* Recorded data *
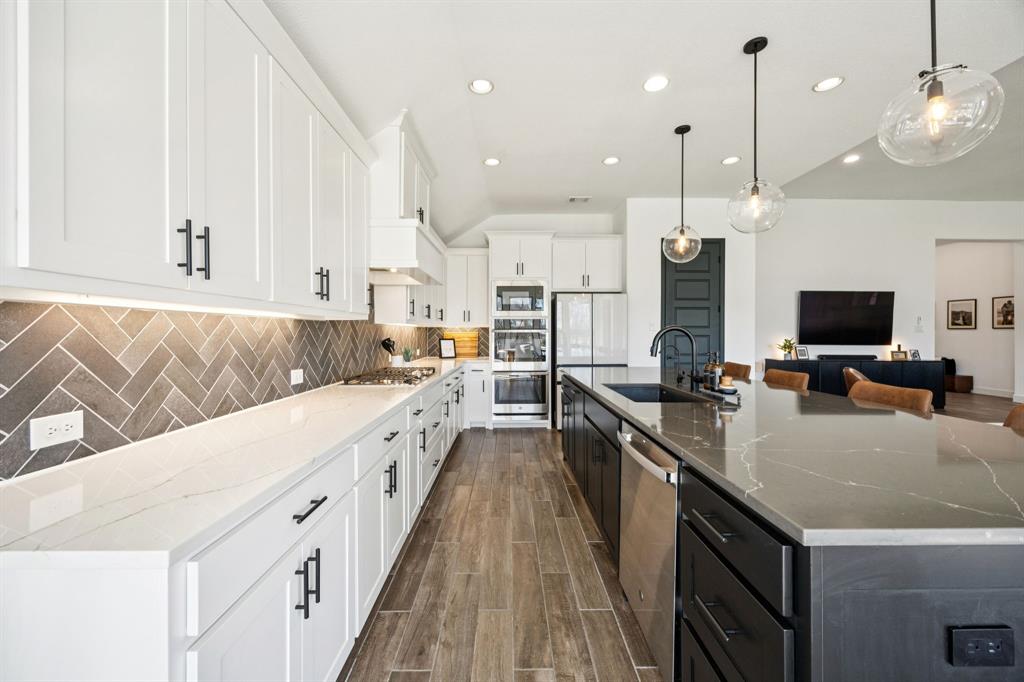 1551 Ripasso Way McLendon-Chisholm, TX 75032 - Photo 10 of 39 a large kitchen with kitchen island granite countertop a large center island and a sink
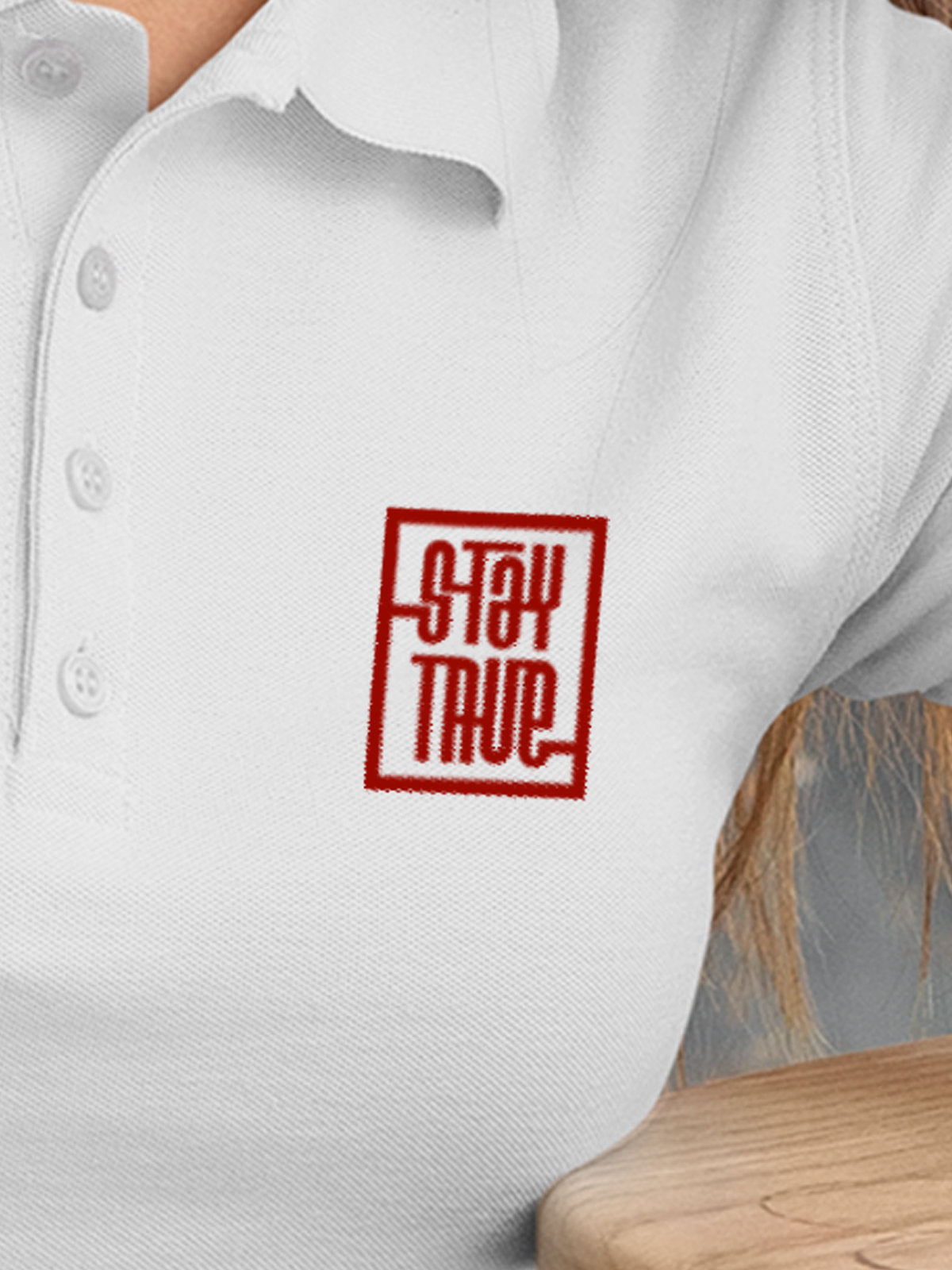 Close up of 'Stay True' on Women's White Polo T-shirt, highlighting intricate details and vibrant print.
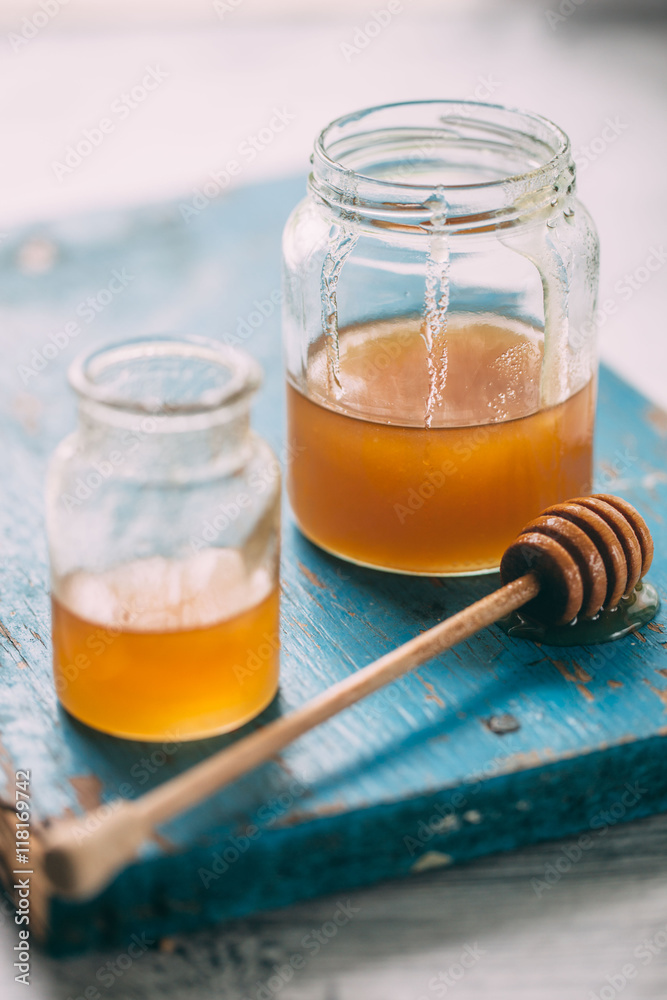Honey in a pot or jar on kitchen table Honey in a pot or jar on kitchen table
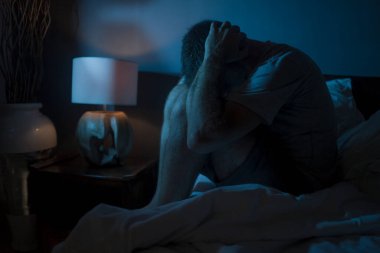 Karamsar, depresif ve endişeli bir adamın dramatik portresi. Depresyon krizi ve kaygı yaşıyor. Uykusuzluk ve hayat sorunu kavramında uykusuz oturuyor.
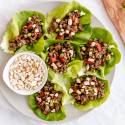 Asian ground beef lettuce wraps with bell peppers, peanuts, and green onions.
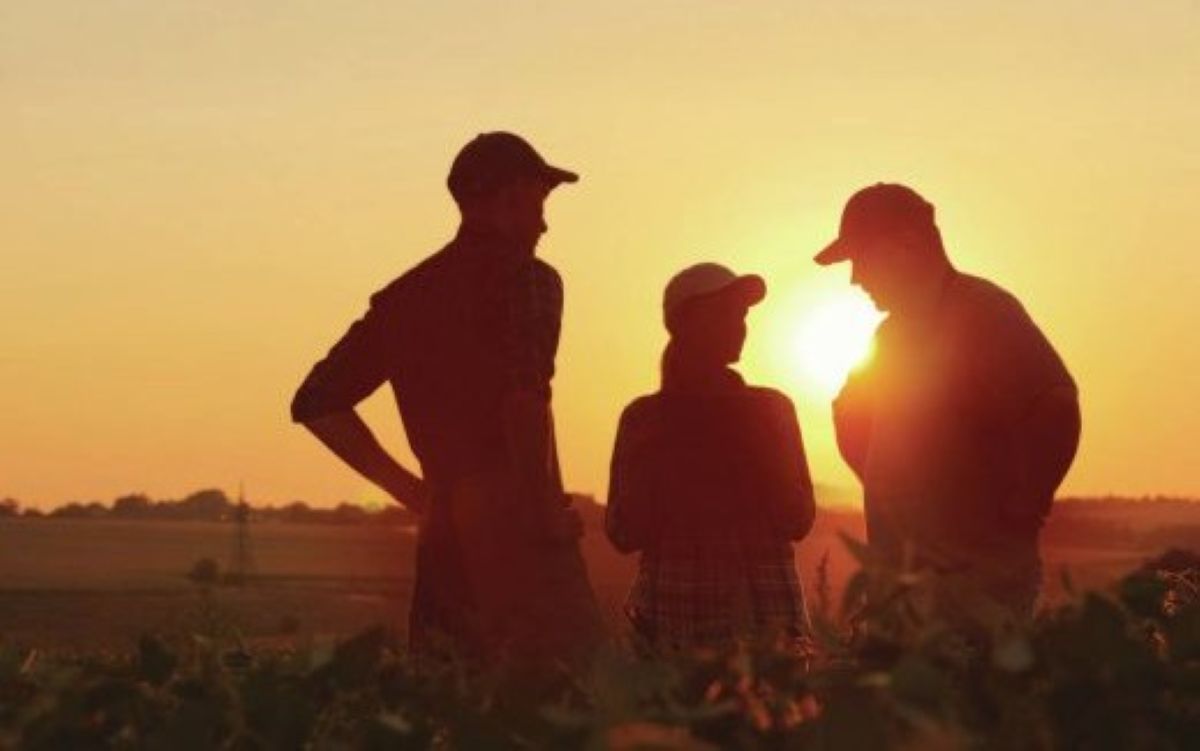 three farmers standing in a field talking silhouetted against a sunset in the background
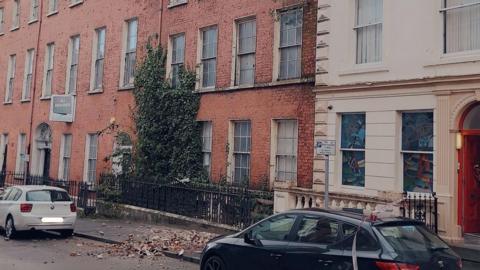 A street photo showing a row of terraced Georgian-style buildings.  A pile of bricks lie on the pavement below the building in the middle of the photo.  Cars are parked on either side of the bricks. 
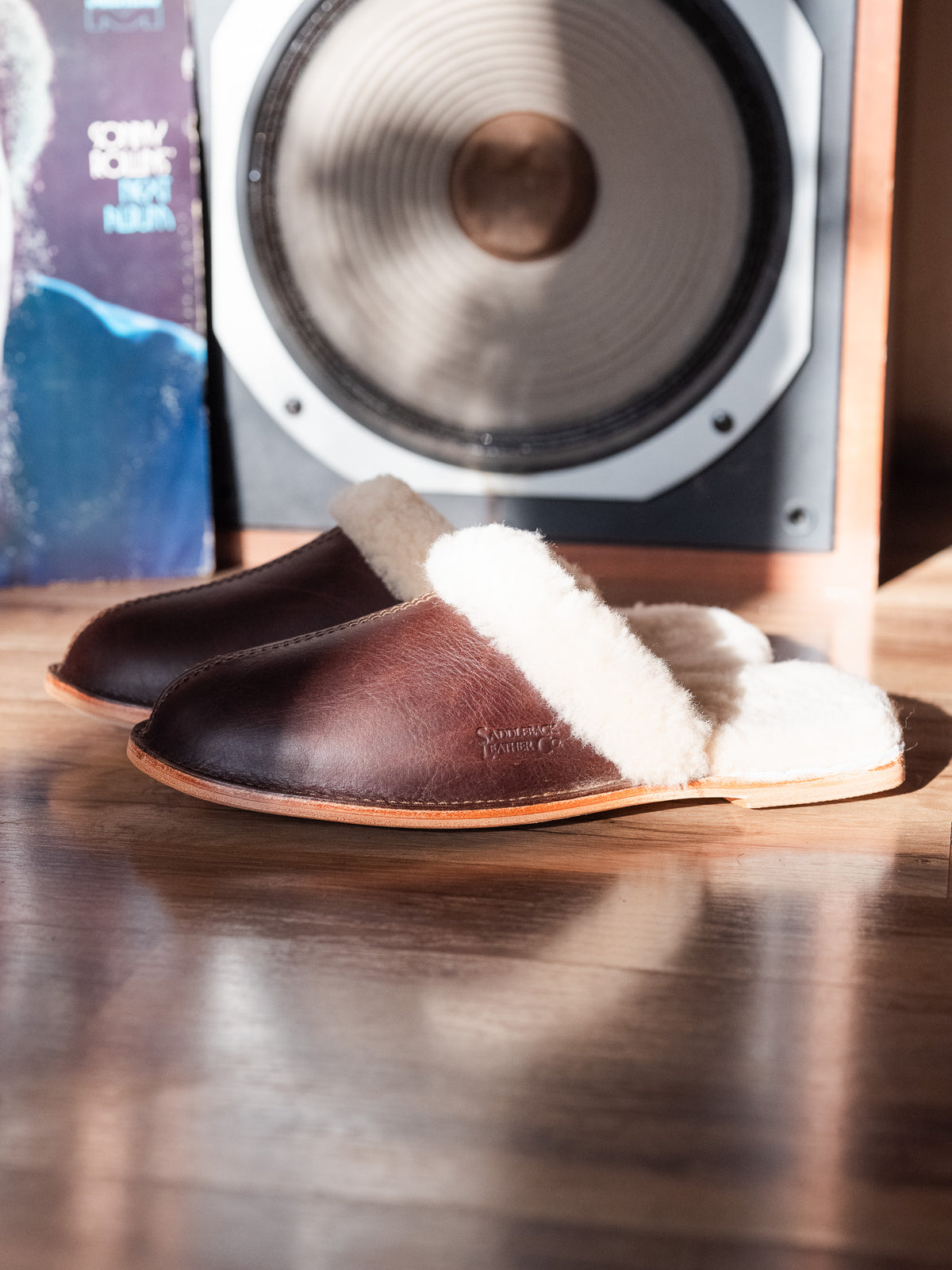 Men's Sheepskin Slippers in Dark Coffee Brown, side view of pair on a wood floor in front of a speaker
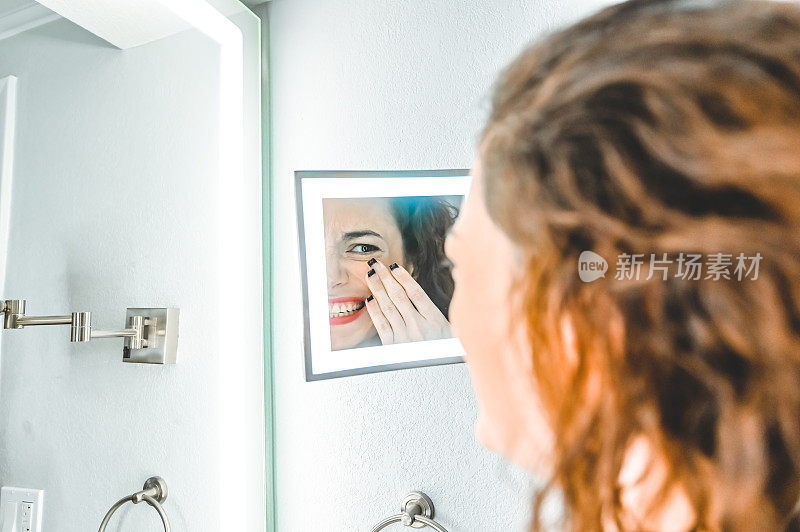 一个家庭浴室里的女人皱着眉头看着梳妆镜，也许是对自己的外表不满意
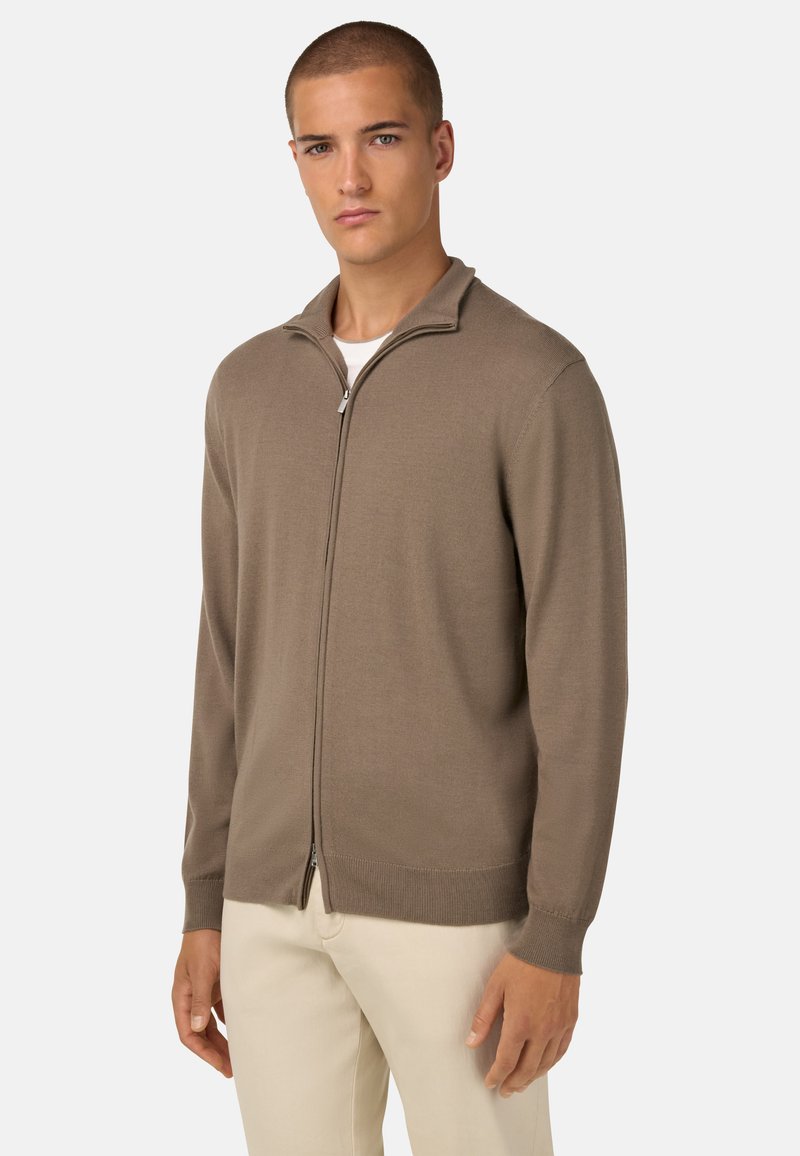 Kergepruunist tõmblukuga kardigan, kudumise tekstuuriga, millel on tõusnud krae ja soonikvarrukad. Kandmine valge särgi peal.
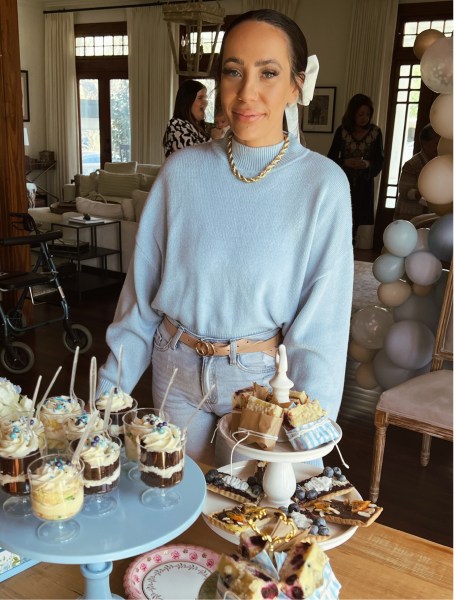 Woman in light blue sweater and gold necklace smiling behind a table with assorted desserts and cupcakes.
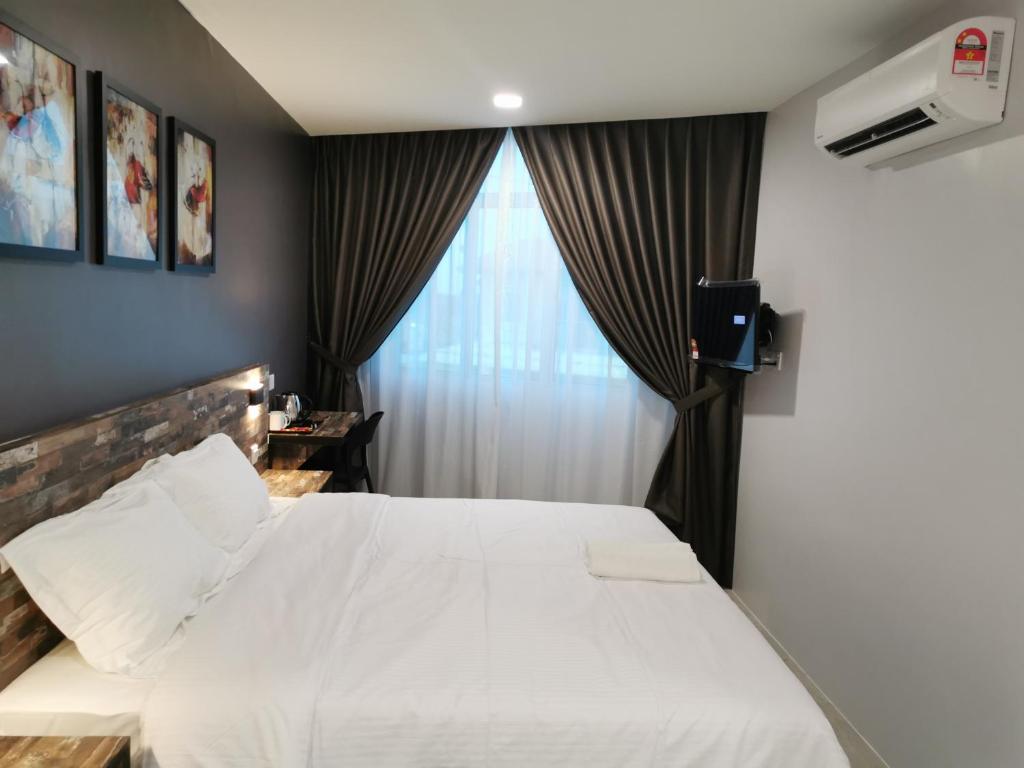 Postel nebo postele na pokoji v ubytování L Hotel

* Aim of the exercise *
Please retype the lines from the one that contains "Kergepruunist tõmblukuga kardigan, kudumise" to the final line of the records, both included, exactly as written and without any pictures.

* Task response *
 Kergepruunist tõmblukuga kardigan, kudumise tekstuuriga, millel on tõusnud krae ja soonikvarrukad. Kandmine valge särgi peal.
 Woman in light blue sweater and gold necklace smiling behind a table with assorted desserts and cupcakes.
 Postel nebo postele na pokoji v ubytování L Hotel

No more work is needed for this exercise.